------ EXERCISE MATERIALS

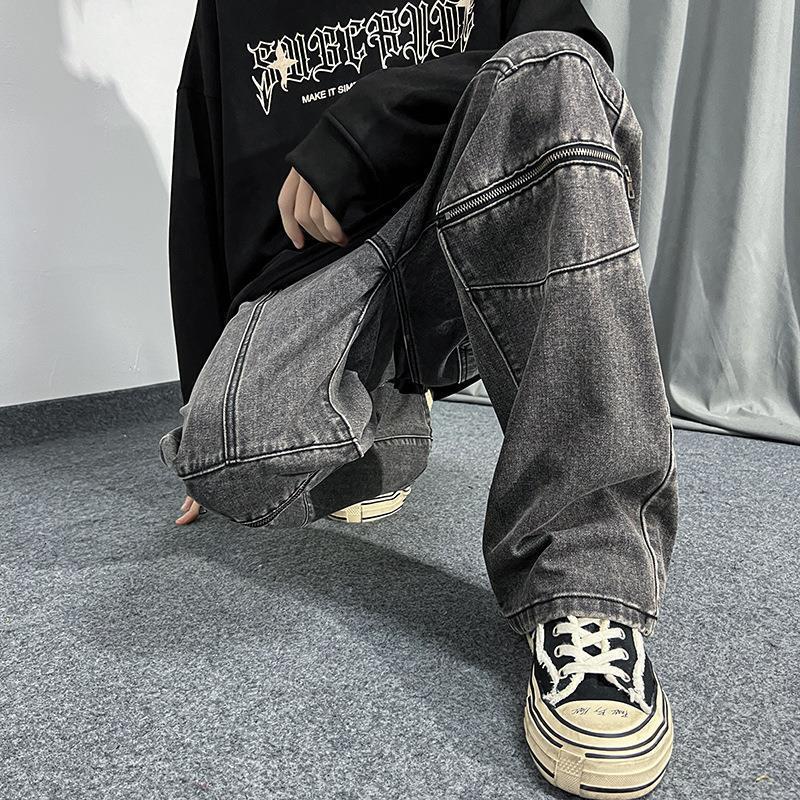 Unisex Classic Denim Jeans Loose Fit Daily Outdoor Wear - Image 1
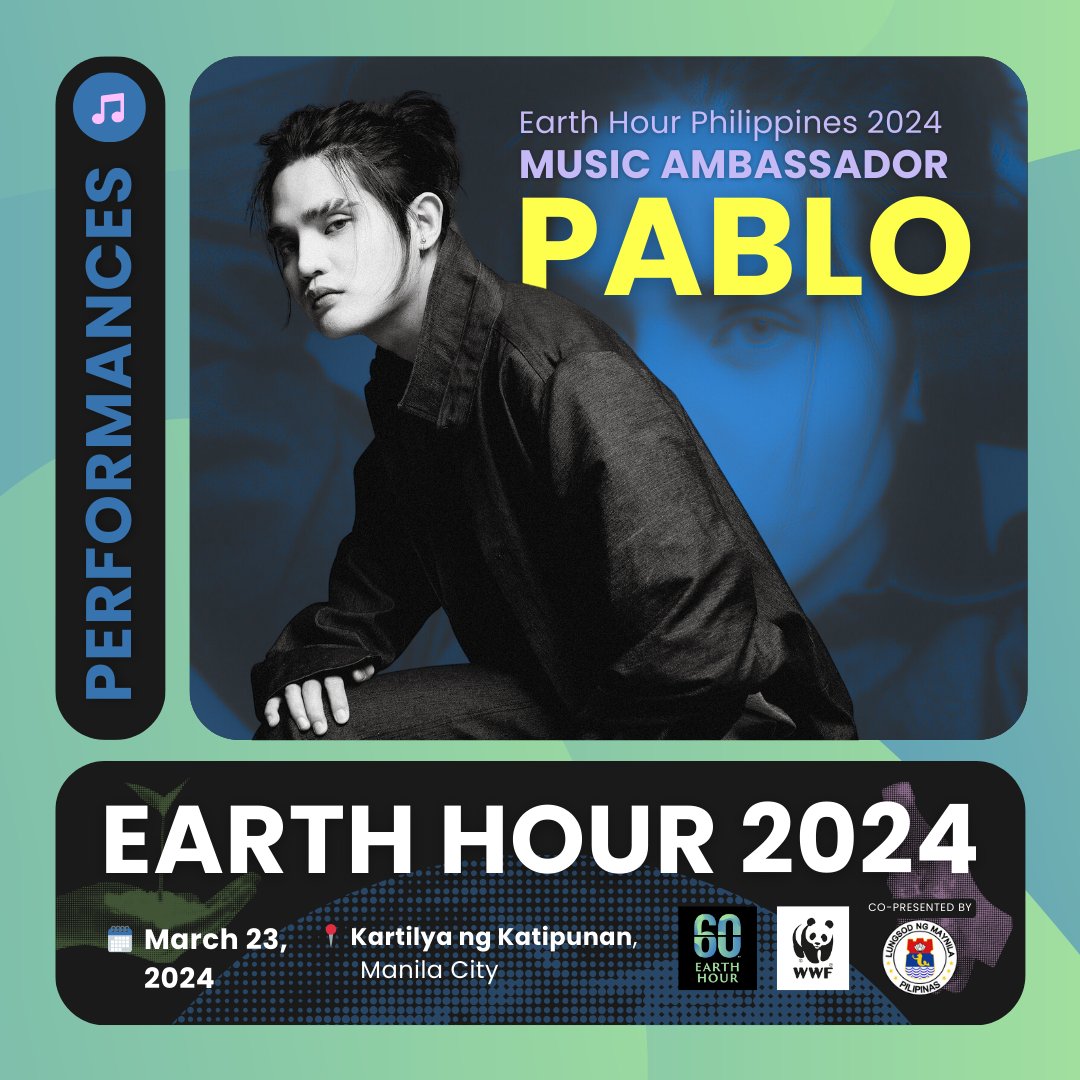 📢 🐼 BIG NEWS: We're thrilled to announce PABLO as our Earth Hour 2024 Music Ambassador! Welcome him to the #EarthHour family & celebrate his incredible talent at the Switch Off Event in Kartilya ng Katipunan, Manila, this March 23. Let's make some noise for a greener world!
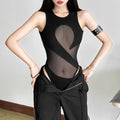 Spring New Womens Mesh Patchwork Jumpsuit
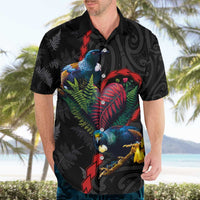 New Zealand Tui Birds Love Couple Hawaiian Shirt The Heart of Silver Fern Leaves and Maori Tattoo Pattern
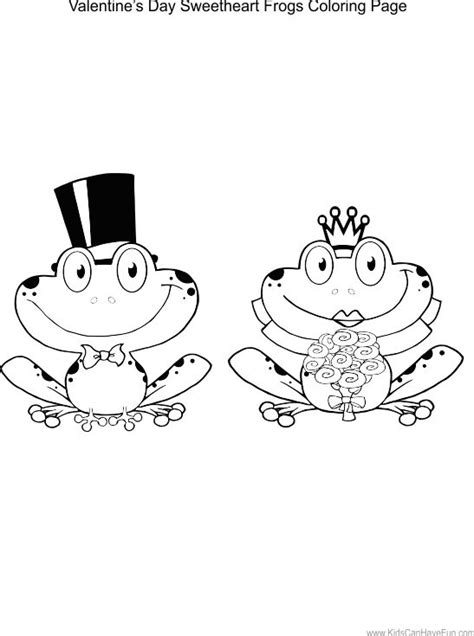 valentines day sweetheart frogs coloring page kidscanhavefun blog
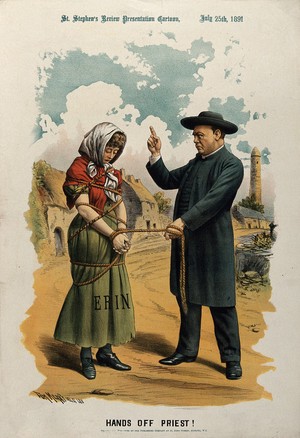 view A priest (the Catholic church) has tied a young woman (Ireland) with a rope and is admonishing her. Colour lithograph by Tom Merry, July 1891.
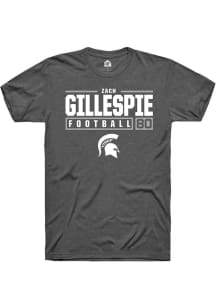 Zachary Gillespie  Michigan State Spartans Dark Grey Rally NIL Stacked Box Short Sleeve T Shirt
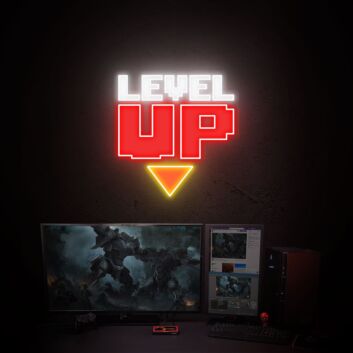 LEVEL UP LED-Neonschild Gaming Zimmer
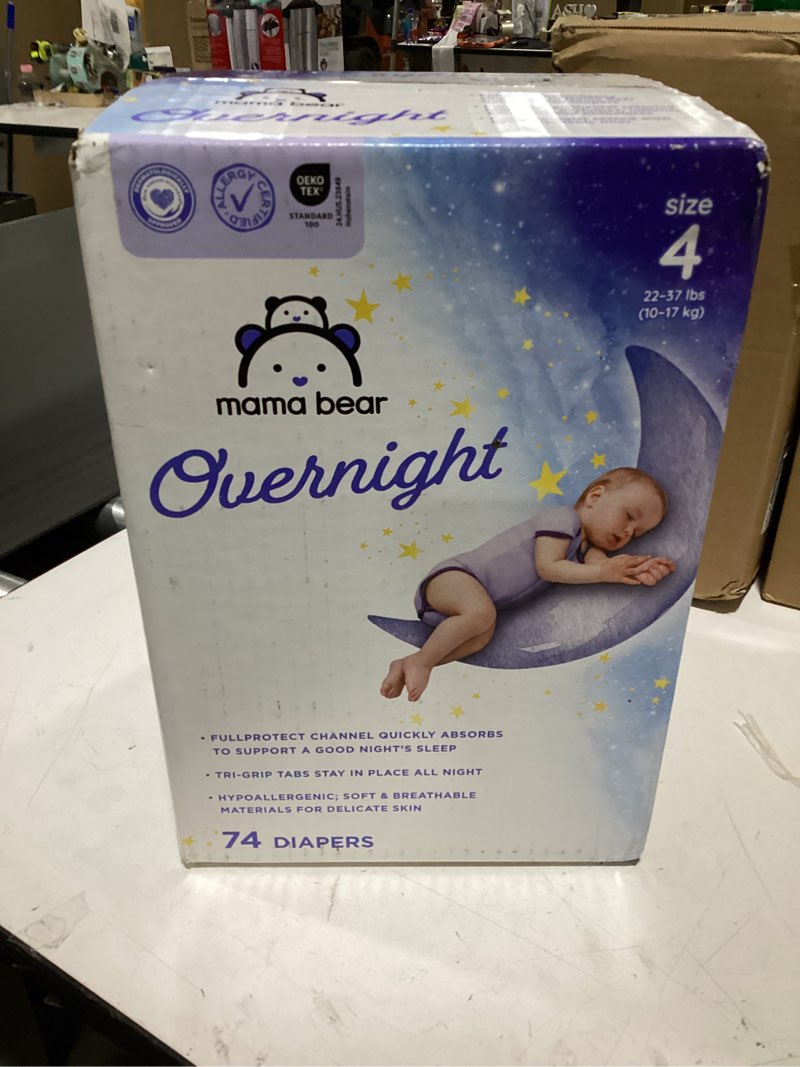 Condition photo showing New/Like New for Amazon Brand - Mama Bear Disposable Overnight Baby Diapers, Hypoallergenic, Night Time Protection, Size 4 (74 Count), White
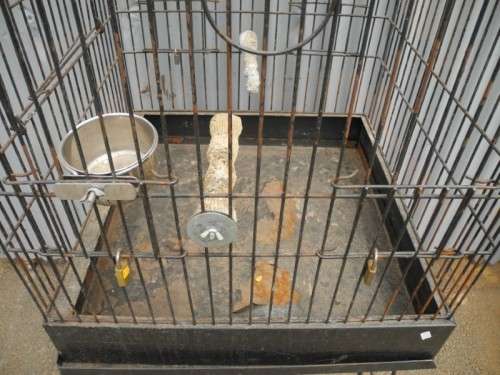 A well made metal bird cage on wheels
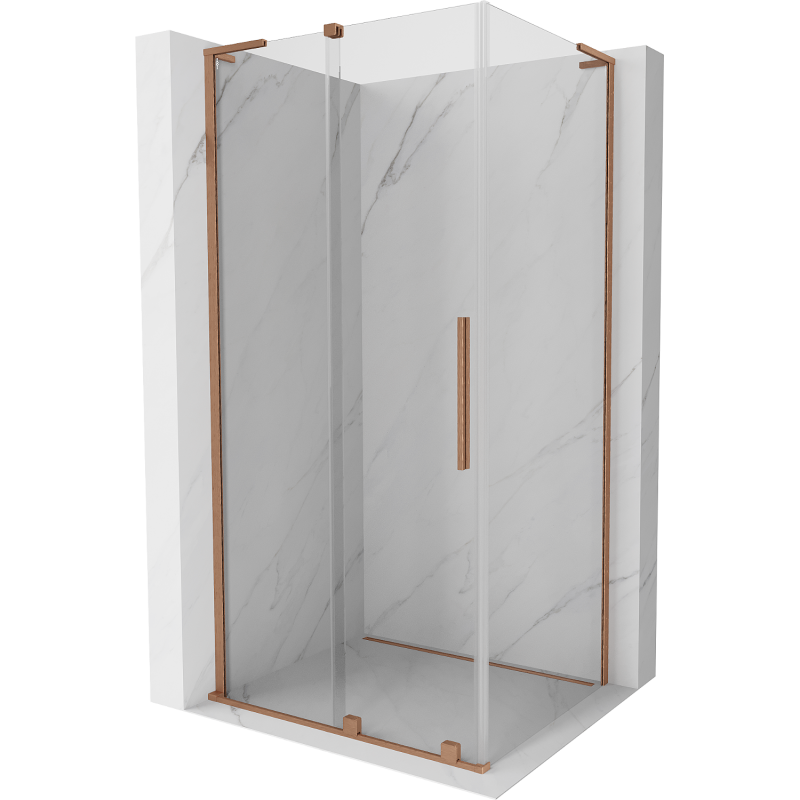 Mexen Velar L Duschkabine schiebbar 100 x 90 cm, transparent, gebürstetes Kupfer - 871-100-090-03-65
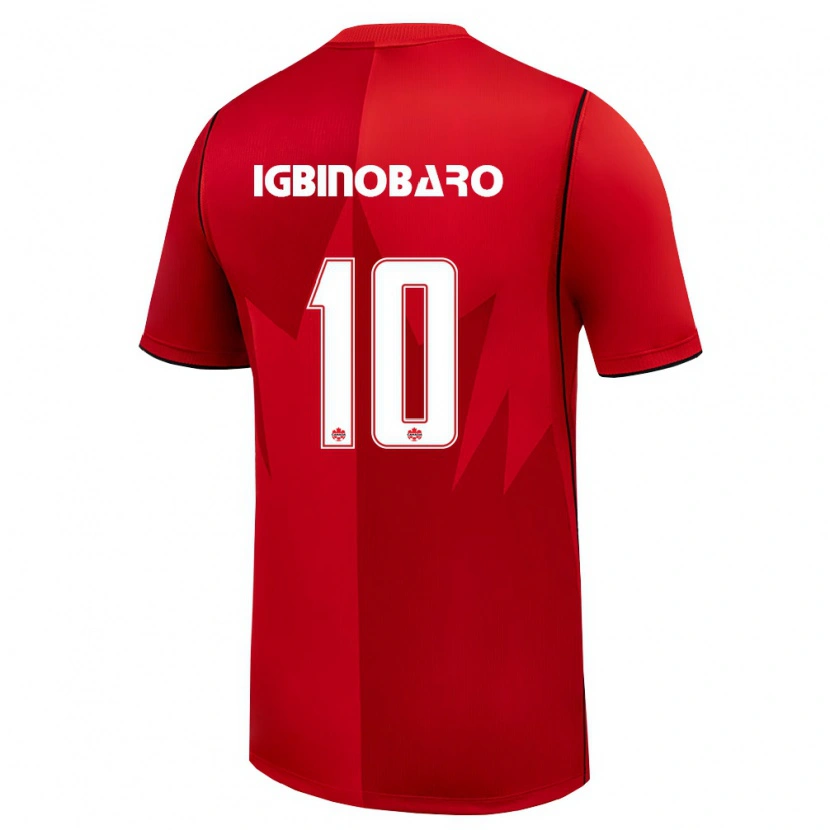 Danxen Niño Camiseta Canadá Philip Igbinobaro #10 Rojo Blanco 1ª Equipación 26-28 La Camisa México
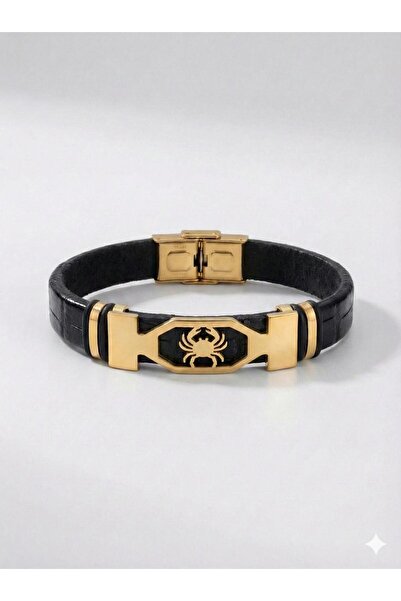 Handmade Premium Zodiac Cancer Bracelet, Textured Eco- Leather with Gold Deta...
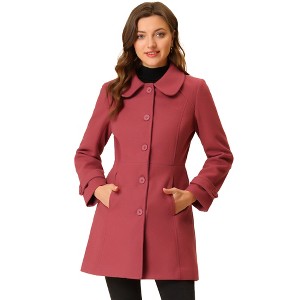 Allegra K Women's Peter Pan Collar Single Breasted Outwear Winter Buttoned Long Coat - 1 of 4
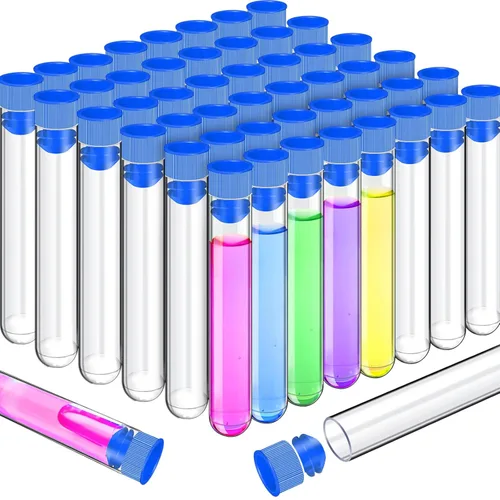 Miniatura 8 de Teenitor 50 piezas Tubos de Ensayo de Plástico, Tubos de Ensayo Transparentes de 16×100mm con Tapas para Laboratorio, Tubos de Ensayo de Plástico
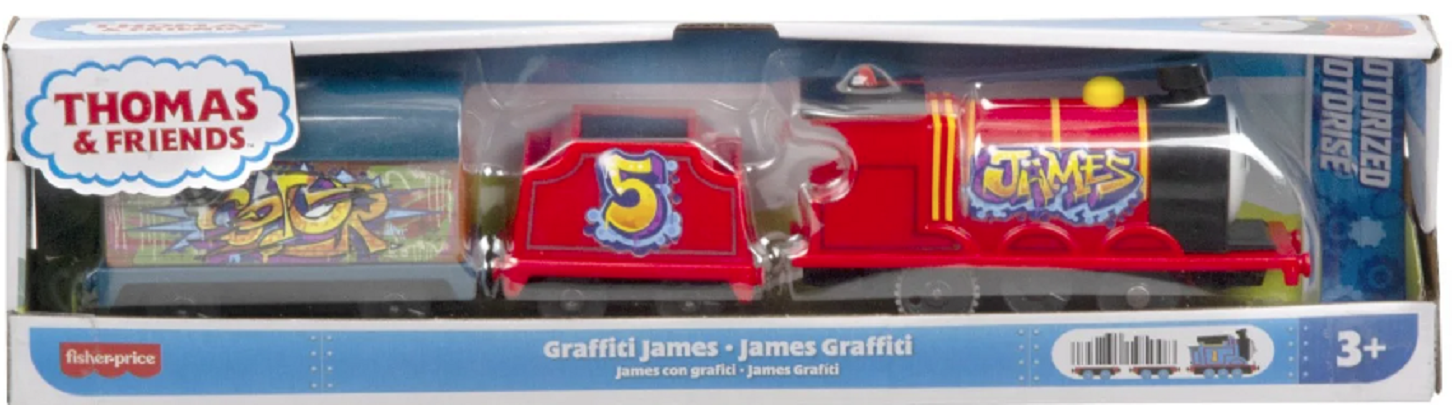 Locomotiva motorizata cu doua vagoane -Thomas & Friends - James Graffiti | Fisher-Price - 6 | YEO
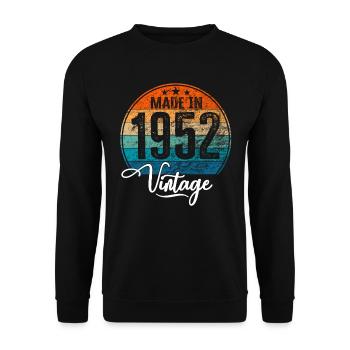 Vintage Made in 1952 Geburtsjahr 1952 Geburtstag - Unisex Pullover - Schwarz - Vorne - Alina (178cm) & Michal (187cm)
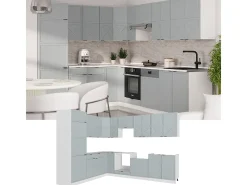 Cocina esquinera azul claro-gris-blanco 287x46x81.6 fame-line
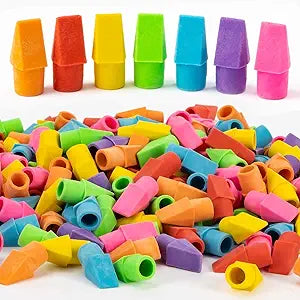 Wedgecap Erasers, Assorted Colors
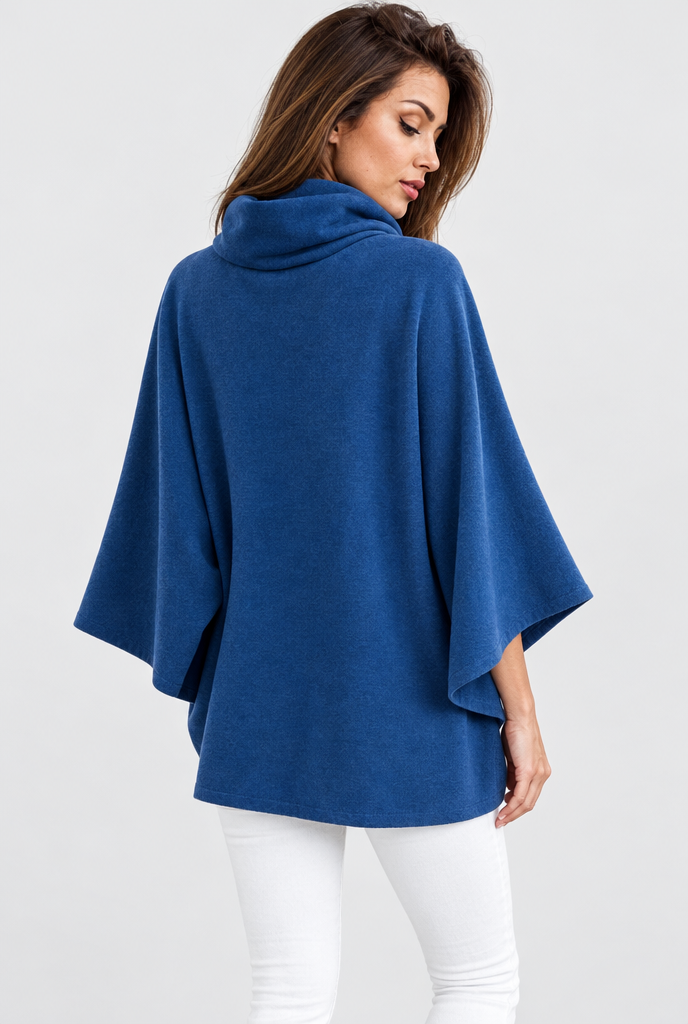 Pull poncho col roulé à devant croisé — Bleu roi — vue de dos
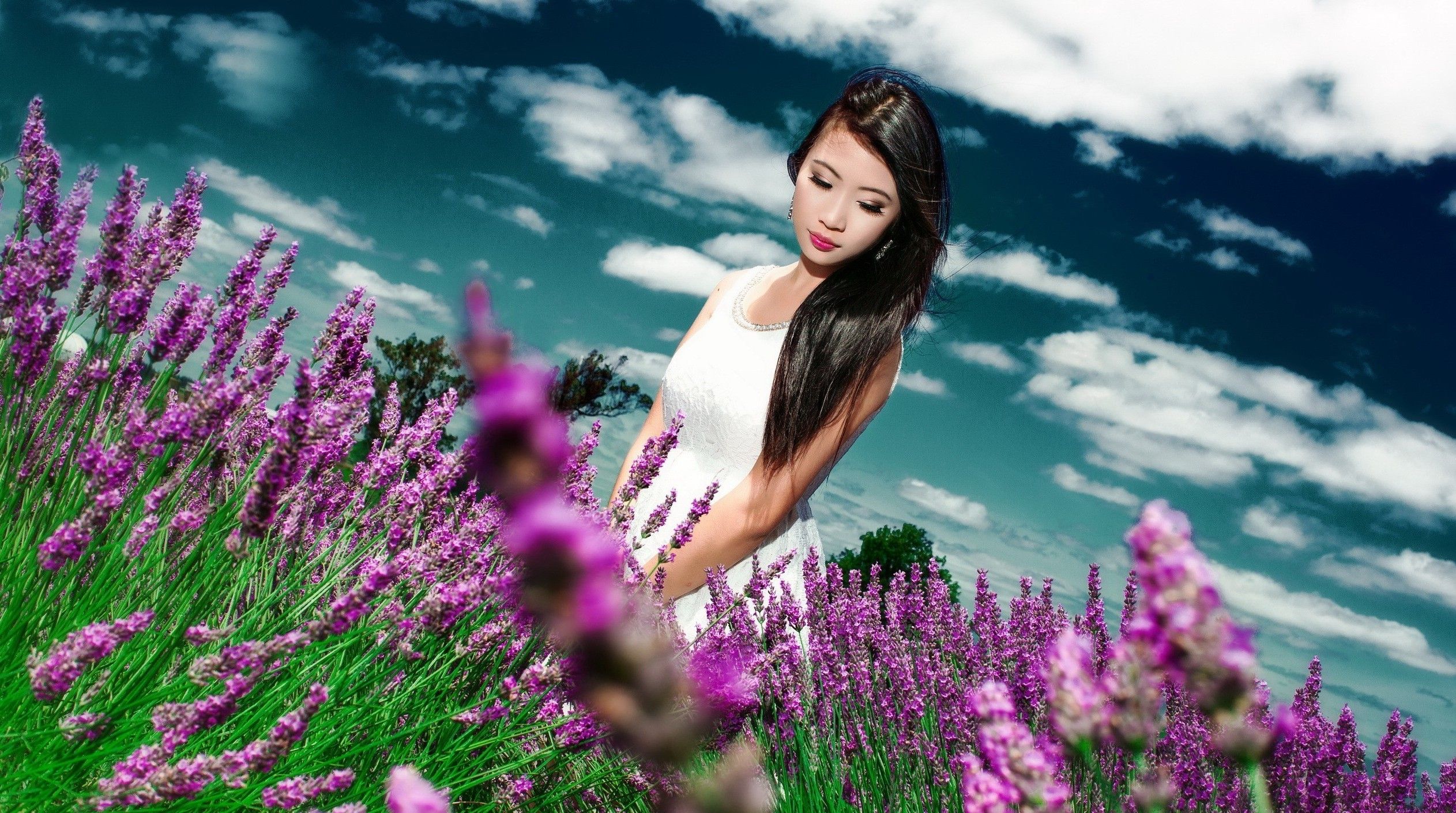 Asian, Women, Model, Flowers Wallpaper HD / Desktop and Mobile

------------

Could you repeat exactly the lines from the first one of the records above through the line containing "a greener world!", leaving out any pictures?

▶ [EXPECTED ANSWER]
 Unisex Classic Denim Jeans Loose Fit Daily Outdoor Wear - Image 1
 📢 🐼 BIG NEWS: We're thrilled to announce PABLO as our Earth Hour 2024 Music Ambassador! Welcome him to the #EarthHour family & celebrate his incredible talent at the Switch Off Event in Kartilya ng Katipunan, Manila, this March 23. Let's make some noise for a greener world!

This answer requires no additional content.